Cronache
“Edoardo. L’intruso tra gli Agnelli”: l'anima dell'Avvocato nell'erede suicida
Affari dialoga con Marco Bernardini, giornalista e autore del ritratto esclusivo del primogenito di Gianni
Una figura estremamente tormentata, quella di Edoardo. Possibile che in lui non vi fosse neppure uno spiraglio di luce?
C’erano eccome, in particolare il rapporto con il cugino. Se Giovannino (Giovanni Alberto, il figlio di Umberto che muore ucciso da un tumore fulminante al fegato ndr) fosse vivo anche Edoardo lo sarebbe. I due avevano stabilito un patto di sangue, di solidarietà e di aiuto eterni. Lui era l’unico ad aver intuito chi fosse Edoardo, il suo canone mentale, cosa cercava, e che lo scopo umano di Edoardo era quello di offrirsi anche agli altri, all’impegno sociale, all’impegno civile. Basti pensare che Villa Sole, dove lui viveva da solo ad appena un chilometro da Villa Frescot, alla morte di Edoardo venne trasformata da Margherita in una comunità residenziale per minori. E se Edoardo fosse ancora vivo, la storia di una famiglia intera, ma anche quella del loro impero, sarebbe completamente differente. Tanto per iniziare, la Fiat sarebbe un affare italiano. E gli Elkann non so che fine avrebbero fatto…
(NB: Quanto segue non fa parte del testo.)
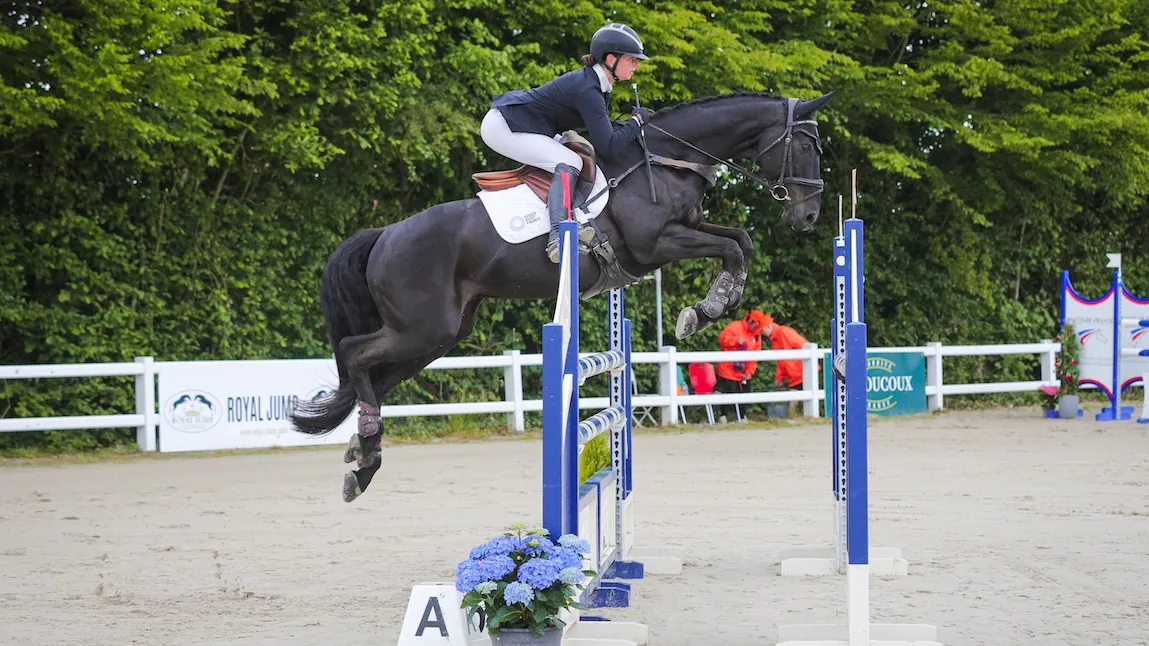 La Néo-Zélandaise Samantha Lissington et Ricker Ridge Sooty sont troisièmes du CCI 4*-S à l'issue de l'épreuve de saut d'obstacles. 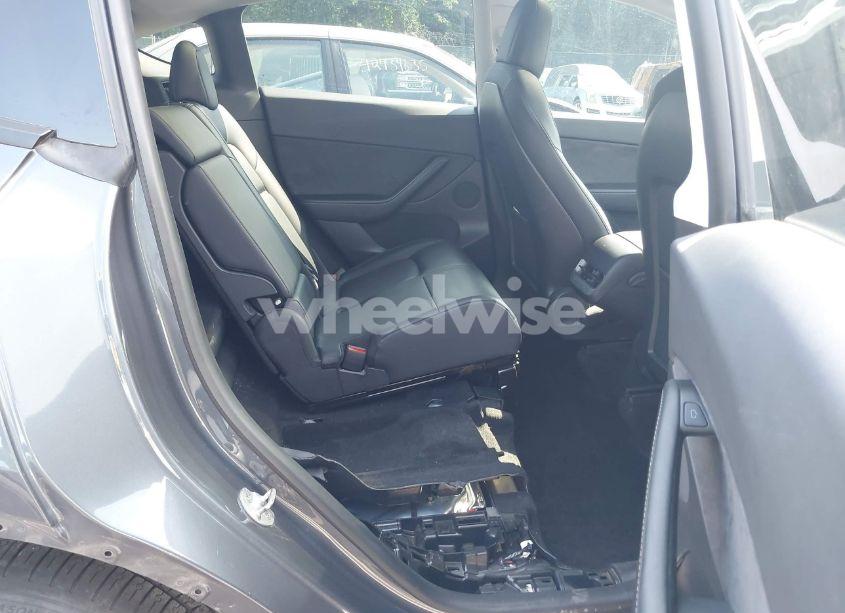 Photo 8 of 2021 Tesla Model Y LONG RANGE DUAL MOTOR ALL-WHEEL DRIVE (VIN 5YJYGAEE7MF146315)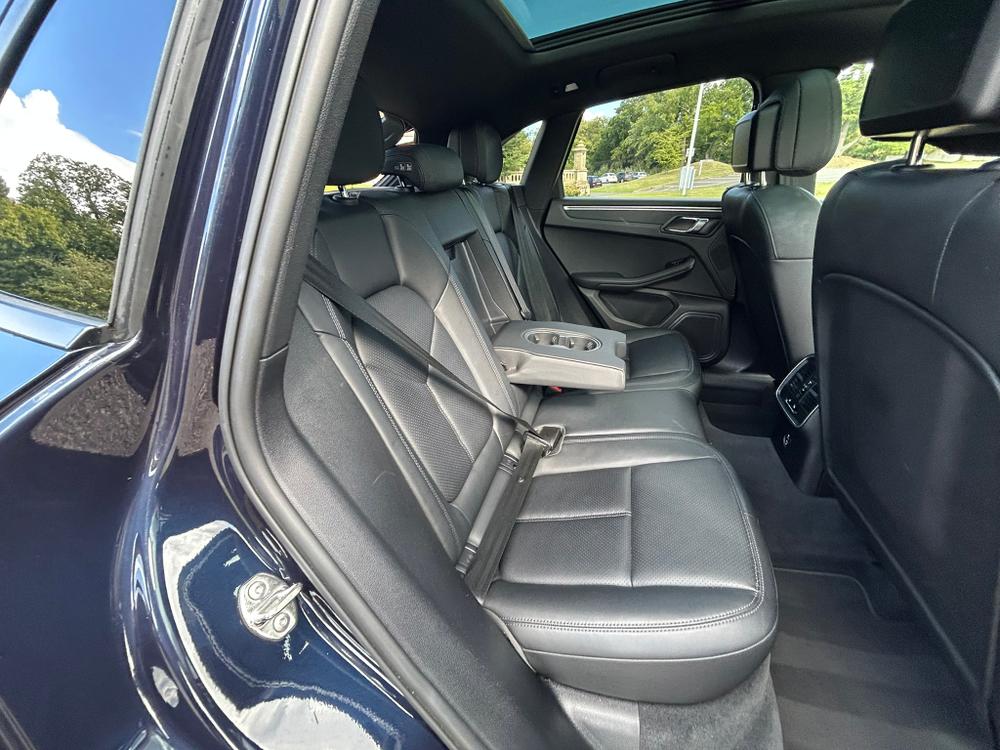 Used Porsche Macan RA71BBJ 15
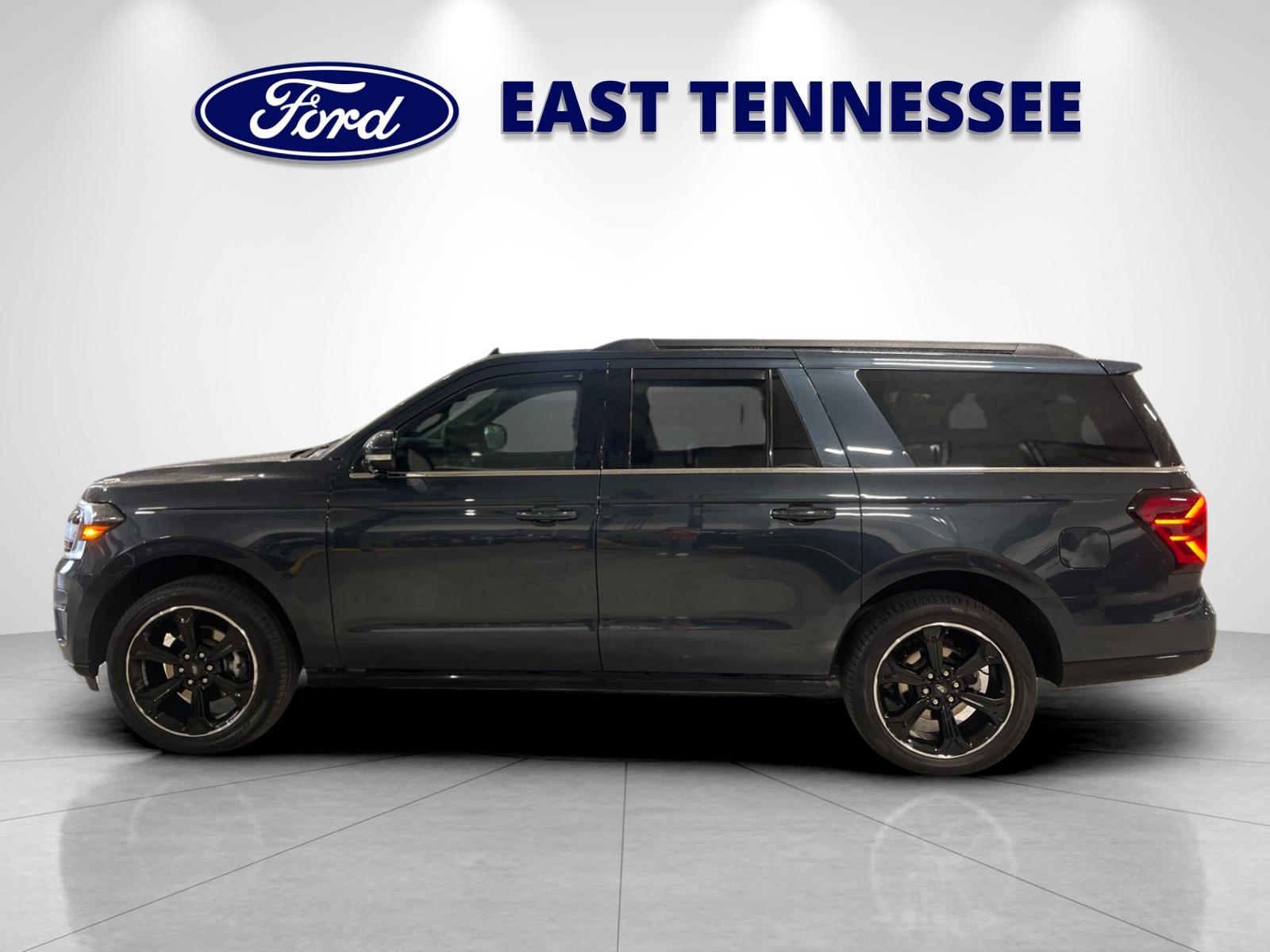 Used 2024 Blue Metallic Ford Limited image 6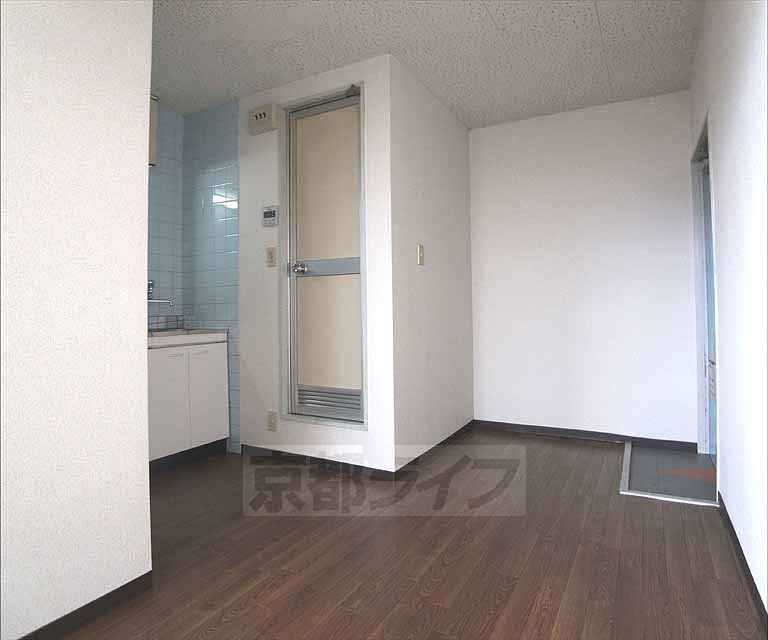 Living and room. 301, Room photo diversion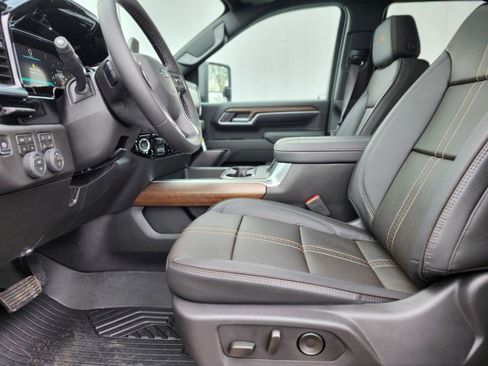 New 2026 Chevrolet Silverado 2500 High Country w/ Midnight Edition AWD/4WD image 16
Che reazione ebbe Edoardo all’investitura di John Elkann, di fatto, alla guida dell’impero Agnelli?
Diede letteralmente di matto. Io ero presente: strappò le carte della rinuncia a determinati privilegi all’interno della cassaforte di famiglia. E li strappò davanti a Gabetti e al padre, mentre Margherita li firmò. Fu l’ultimo atto di un destino già segnato, e che Edoardo si rifiutò di scrivere.